Конечно, трудности на этом пути огромны. Определить, употреблено ли слово в прямом или в переносном значении, часто очень нелегко. Исследователю приходится действовать двусторонними и потому ненадежными движениями: тропы он определяет по несоответствию предполагаемой здравым смыслом картине мира, а подлинную (индивидуальную) картину мира – по отсеву тропов. На каждом шагу он должен решать для себя вопрос, что перед ним: необычное описание обычного мира или точное описание необычного мира? В традиционной поэзии обычно предполагался первый вариант, и все словосочетания, не укладывавшиеся в бытовой здравый смысл, считались переносными выражениями, тропами – аномалиями на уровне языкового строя. Никто не сомневался, что «пламень сердца» – это любовь (метафора плюс метонимия). В авангардной поэзии часто приходится предполагать второй вариант: поэт-сюрреалист с легкостью представит нам мир, где анатомическое сердце в грудной клетке способно гореть настоящим пламенем. В таком случае перед нами аномалии не на уровне языка, а на уровне образного строя (содержания). Если мы будем считать, что в стихотворении Пастернака «Болезни земли» реальна только картина грозы, а все остальное – переносные описательные выражения, или если мы будем считать, что в нем реально присутствуют (хотя бы в сознании поэта) также столбняк, водобоязнь и прочие болезни, то насыщенность стихотворения тропами в первом случае будет заметно больше, а во втором – меньше.
Конечная задача исследователя – реконструировать ту действительность, которую имеет в виду поэт: так называемую авторскую картину мира. Реконструируя ее, мы опираемся в первую очередь на слова, употребленные в прямом значении, а потом применительно к этому истолковываем слова, употребленные в переносном значении. Чем больше слов в прямом значении, тем нам легче.
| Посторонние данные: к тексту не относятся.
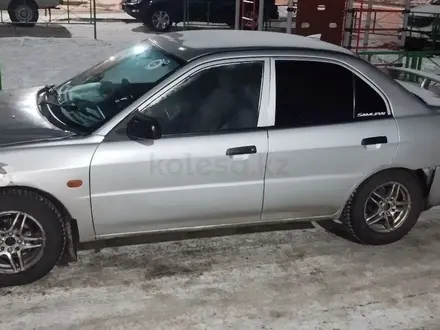 Mitsubishi Lancer 2000 года за 500 000 тг. в Петропавловск – фото 5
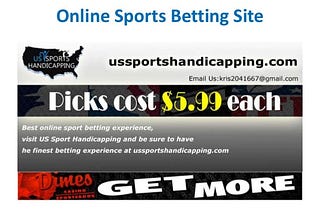 Safest Online Sports Betting Sites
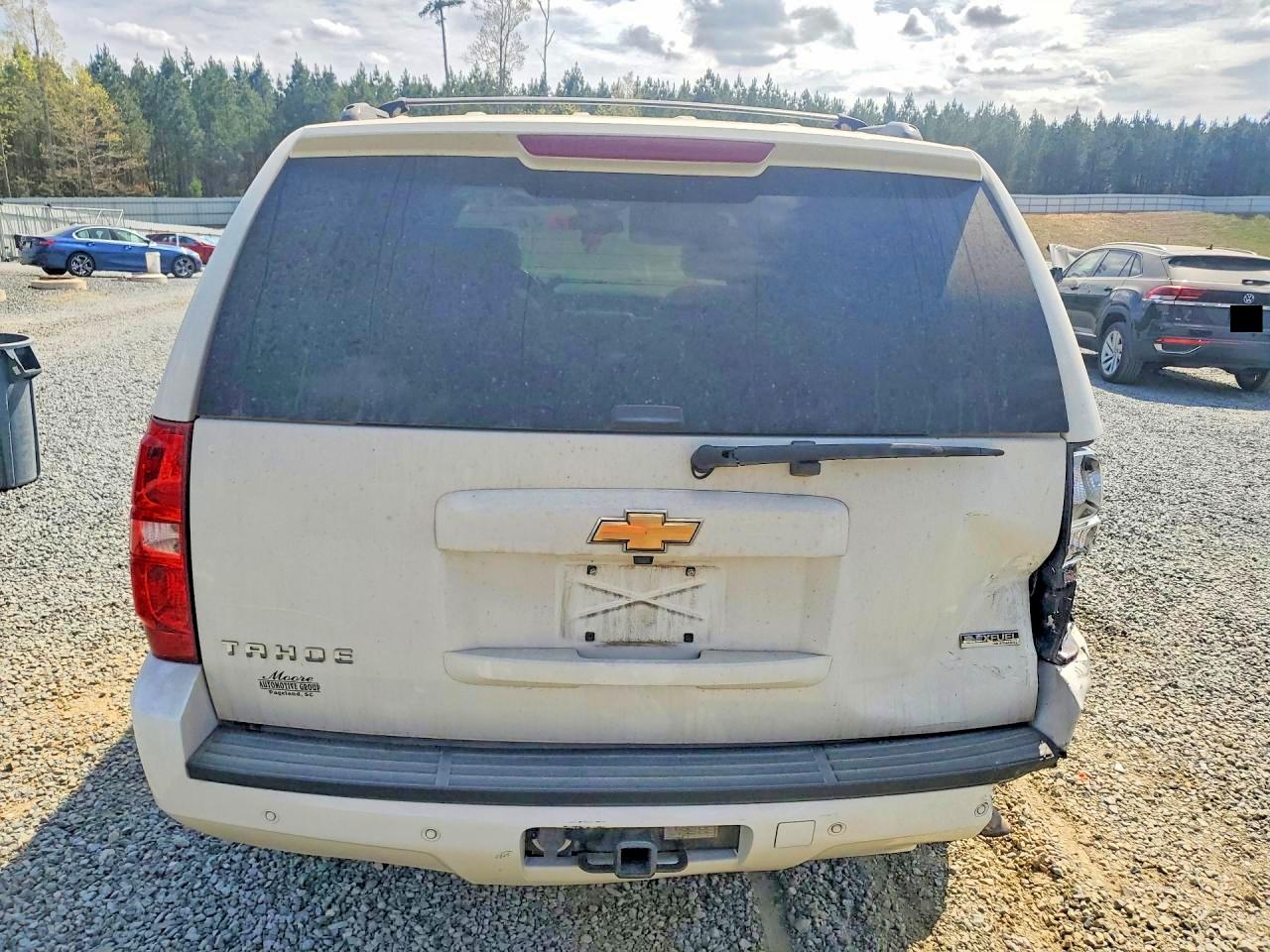 Chevrolet Tahoe K1500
Вот пример – начало стихотворения Пастернака «Душная ночь». «Накрапывало, – но не гнулись И травы в грозовом мешке, Лишь пыль глотала дождь в пилюлях, Железо в тихом порошке». В прямом значении – 7 знаменательных слов из 12: грозовой воздух, травы не гнулись, накрапывало, тихий дождь падал в пыль. Только это и есть надежная картина. На тропы остается 5 слов из 12, то есть 40%: это «показатель тропеичности» данного отрывка. Следующая строфа: «Селенье не ждало целенья, Был мак, как обморок, глубок, И рожь горела в воспаленьи, И в роже пух и бредил Бог». В прямом значении – только 3 слова, селенье, рожь и мак, три подробности к уже обрисованному пейзажу; на тропы остается 9 слов из 12, т. е. показатель тропеичности – 75%, почти вдвое выше. И, вероятно, каждый согласится, что первую строфу, несмотря на пилюли и порошки, мы воспринимаем как более простую, а вторую, в которой пухнет и бредит Бог, – как более сложную.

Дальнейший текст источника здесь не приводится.